DATA SECTION:
^^^^

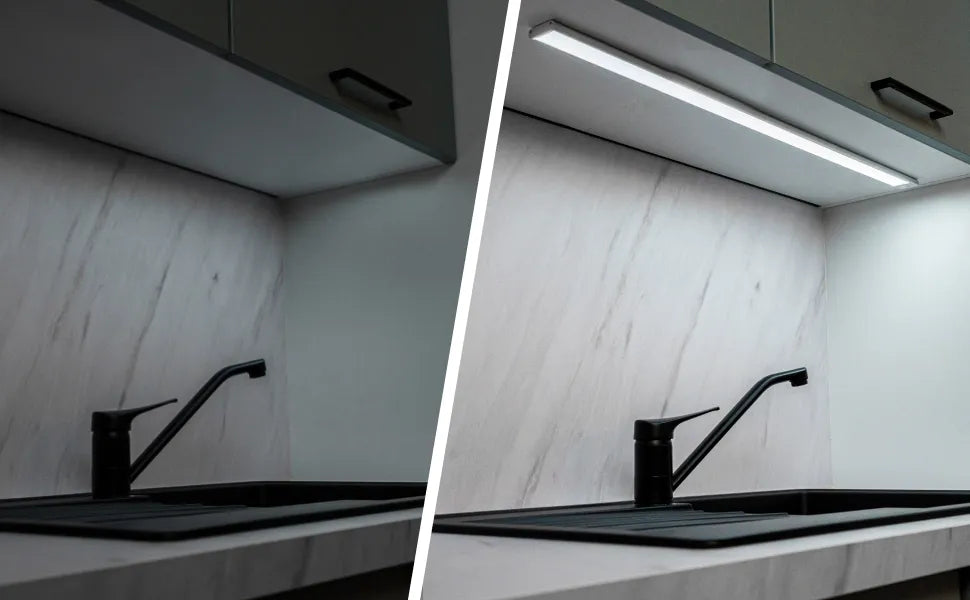 Lumina | Réglette LED Rechargeable Sans Fil Aluminium avec Capteur de Mouvement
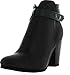 Breckelle's GAIL-22 Women's Belted Chunky Stacked Heel Ankle Booties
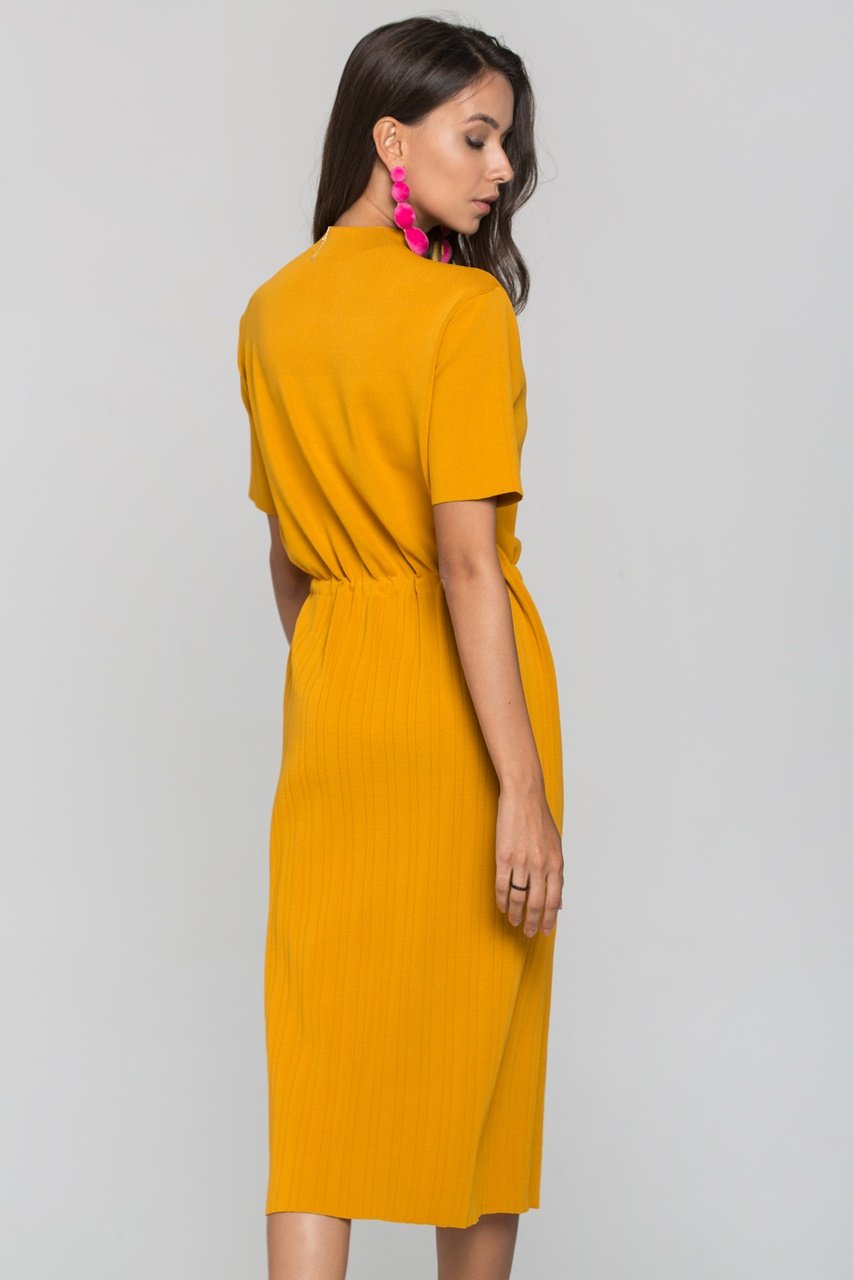 Mustard Ribbed Skirt Drop Shoulder - ownthelooks-Development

^^^^

PROBLEM DESCRIPTION: Set the listing down again exactly, skipping each picture.

WRITTEN ANSWER:
 Lumina | Réglette LED Rechargeable Sans Fil Aluminium avec Capteur de Mouvement
 Breckelle's GAIL-22 Women's Belted Chunky Stacked Heel Ankle Booties
 Mustard Ribbed Skirt Drop Shoulder - ownthelooks-Development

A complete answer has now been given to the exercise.